Editor’s note: On Tuesday, Nov. 8, 2022, Dean Cummings was found not guilty of second-degree murder and voluntary manslaughter. His attorneys successfully argued he shot and killed Guillermo Arriola in self-defense.

I met Dean Cummings in late April of 2005 when I flew with a friend from Cordova to Valdez, Alaska, on a Cessna 172 and got a day rate the next day to ski on one of Cummings’ helicopters at the company he founded in 1995, H20 Guides.

Dean Cummings, left, in Alaska in 2005.

That was after a week of heli camp with Points North in Cordova, where we were mostly shut out by the weather as it snowed day after day but the helis couldn’t fly. When it looked like the weather would clear but our reservation was up, we asked the owner of that company – Kevin Quinn — where to go in Valdez (who knew when we’d be in Alaska again?) and he grudgingly said H20.

“Quinner,” as his friends called him, is a former National Hockey League player who was not long on chit-chat, as I recall, and he didn’t seem thrilled we were off to try out a competitor. But if we had to go (after just five runs with his company before the weather turned), he’d only recommend one outfit of the six operating in Valdez at the time – Cummings’ H20.

I realized after the fact how extraordinary that recommendation was when I found out just how bitterly Quinn and Cummings were fighting over territory at the time – a feud that was appealed to the highest levels of the Forest Service years later.

Not a lot of love for Cummings in the rough and tumble world of Alaskan heli-skiing but a hell of a lot of respect.
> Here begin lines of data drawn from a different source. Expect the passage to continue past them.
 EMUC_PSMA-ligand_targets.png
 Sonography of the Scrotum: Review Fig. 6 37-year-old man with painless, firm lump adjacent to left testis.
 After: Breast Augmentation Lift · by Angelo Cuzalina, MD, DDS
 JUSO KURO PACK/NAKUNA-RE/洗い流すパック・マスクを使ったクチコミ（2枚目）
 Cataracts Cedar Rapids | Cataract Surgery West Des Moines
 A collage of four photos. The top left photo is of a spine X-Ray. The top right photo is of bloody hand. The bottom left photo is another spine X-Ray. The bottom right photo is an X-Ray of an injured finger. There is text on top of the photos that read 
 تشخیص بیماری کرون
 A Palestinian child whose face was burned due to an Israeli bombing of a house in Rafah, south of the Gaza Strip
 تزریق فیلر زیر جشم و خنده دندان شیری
As it turned out, we got that ultimate Alaska ski-movie day with Cummings and his crew, and I never did make it back to Alaska (I suppose I still have heli hours left at Points North).

Cummings was very professional, if a little gruff, declining an interview request. I was fine with that as I had conducted plenty of interviews in Cordova and wrote a story that appeared in the now defunct Rocky Mountain News in Denver. I’ve re-posted it below after first publishing it on an early version of RealVail.com with some very rough coding issues.

I also did a story for Ski Area Management that I later re-posted on a better version of Real Vail.

We just had a lot of fun on that one seven-run day with Cummings and H20. It was easy to forget he was a former U.S. Freestyle Ski Team member who pioneered Alaskan heli-skiing during the era of the World Extremes in the early 90s, battling with legends like the late Doug Coombs.

He matter-of-factly told me after one run over a 50-degree nose, “Nice turns.” I joked he probably said that to all the clients, but he just skied away.

The next day, when it was 60 degrees Fahrenheit in town and pushing 50 in the zone, we skied a couple of runs and then water-loaded slopes started crashing all around us as roller balls kicked up by our skis formed into car-sized death traps 1,000 feet below.

“It’s kayak season,” Cummings said with a shrug, skiing off again. I agreed, and they flew us off the top of a run and back to town, earning my respect.

For years we got a company Christmas card from Cummings, his wife and kids, asking us to come back someday. I never did go. Now I hear his company is shut down, and his Facebook page has complaints from customers who paid deposits in the spring of 2019 but did not get to fly.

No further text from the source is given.